Katherine Kersten missed the point when she used my writing in Minnesota Monthly to support her belief that Minnesota is funding an Islamist madrassa (March 9).
She portrayed my article as describing a darkly foreboding, religious ambience at Tarek ibn Ziyad Academy (TIZA), the charter elementary school run by Principal Asad Zaman in Inver Grove Heights. "A visitor might well mistake Tarek ibn Ziyad for an Islamic school," Kersten accurately quoted my piece as saying. "Head scarves are voluntary, but virtually all the girls wear them."
Then Kersten went in for the kill. Paraphrasing me, she noted that the school contains a central carpeted prayer space, and that "vaguely religious-sounding language is used."
Too bad she stopped there. Here's what that article said next: "At one point, a conversation with Zaman is interrupted by the intercom: 'Sister Zamia, please call the office. Sister Zamia, 2-2-1.' '[Muslims] refer to everyone as a brother or a sister,' [Zaman] explains. 'We are all children of Adam.'"
In other words, what sounded "vaguely religious" to me amounts to small talk among Muslims. So the point I tried to make is that you might well mistake TIZA for a religious institution. But you'd be wrong.
Zaman acknowledged to me this week the most damning part of Kersten's article -- that he refused to allow her to interview him or to visit the TIZA academy because of the tone of her previous columns. That was a foolish mistake.
I think he should give her another shot. Let Kersten see what I saw -- little kids being taught English and mathematics from the same textbooks that I was taught from as a child in Wisconsin. Let her see the interested teachers -- most of them white women -- intellectually engaging students, both male and female, without preference or prejudice. Better yet, let her go during Ramadan, so she can see for herself that between 40 and 60 percent of the kids in the lunch room are eating -- not being forced to fast, as her article claims.

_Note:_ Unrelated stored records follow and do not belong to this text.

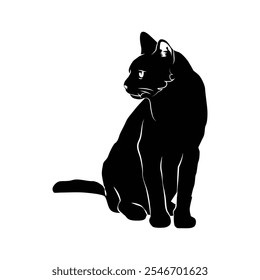 Simple silhouette animal cat isolated illustration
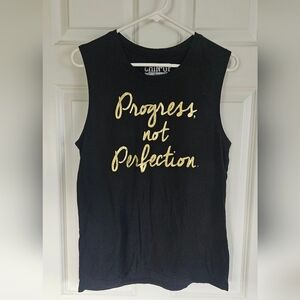 Progress Not Perfection Black Tank With Gold Lettering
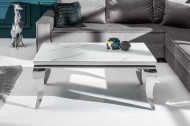 Elegante salontafel MODERN BAROK 100cm glazen blad in marmerlook roestvrijstalen poten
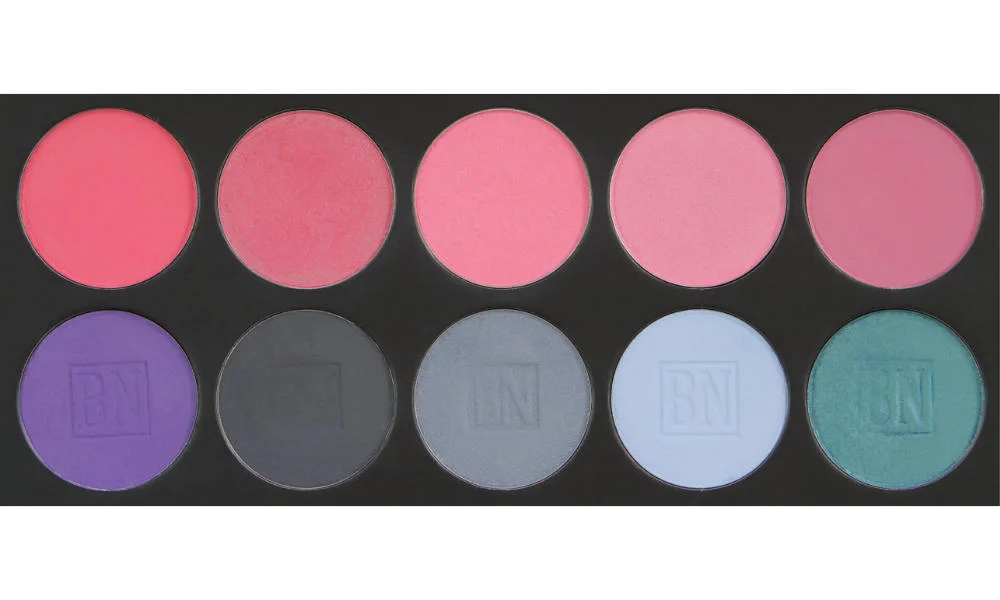 8 large well palette from Ben Nye Top row (blushes): Indian Rose , Lilac Lace , Stormy Rose , Satin Rose , Precious Plum Bottom row: Royal Purple , Greystone , Blue Grey , Cinderella Blue , Peacock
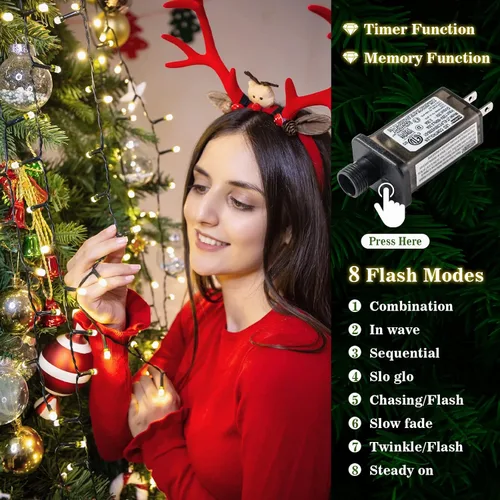 Miniatura 6 de Areker Luces de árbol de Navidad, 400 luces LED para árbol de Navidad con anillo, 10 x 6.6 pies, ultra brillantes, en forma de diamante, luces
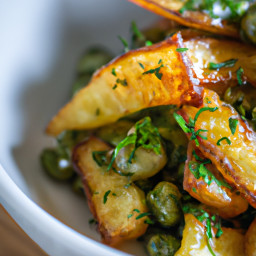 Side Dish: United States – Crispy Fingerling Potatoes with Lemon-Thyme Caper Gremolata recipe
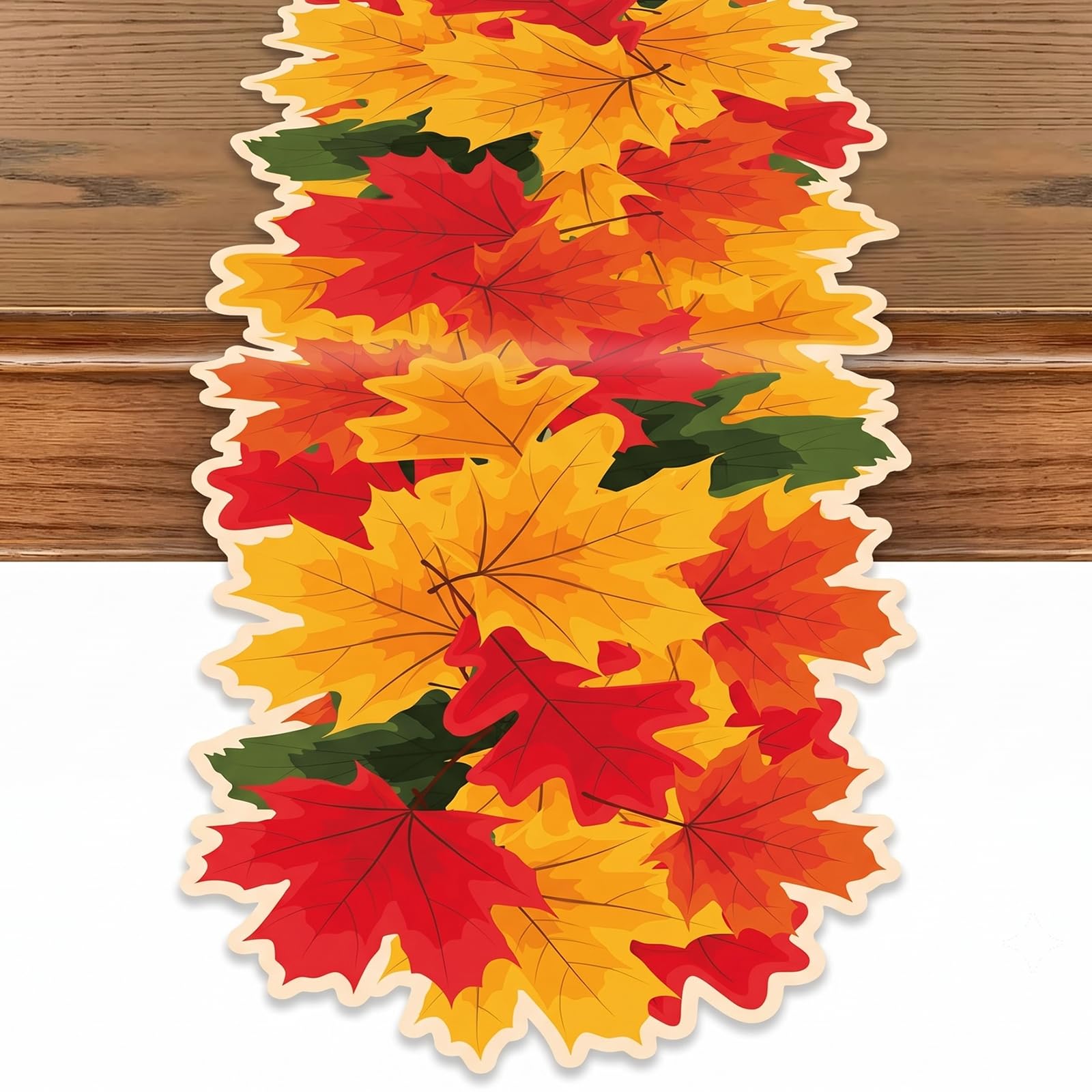 Autumn Table Runner, Irregular Maple Leaf Table Decorations, 130x40cm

I did not write an exposé about a shady imam training would-be toddler terrorists at taxpayer expense. I described the efforts of a hard-working Muslim activist who has made it his patriotic mission to help Minnesota's Muslim immigrants engage as citizens. "My mission is not to make [Muslims] Americans," Zaman says in the article. "They already are Americans."
If Kersten was going to use my writing to make any point at all, that should have been it.
Kevin Featherly is a freelance writer based in Bloomington.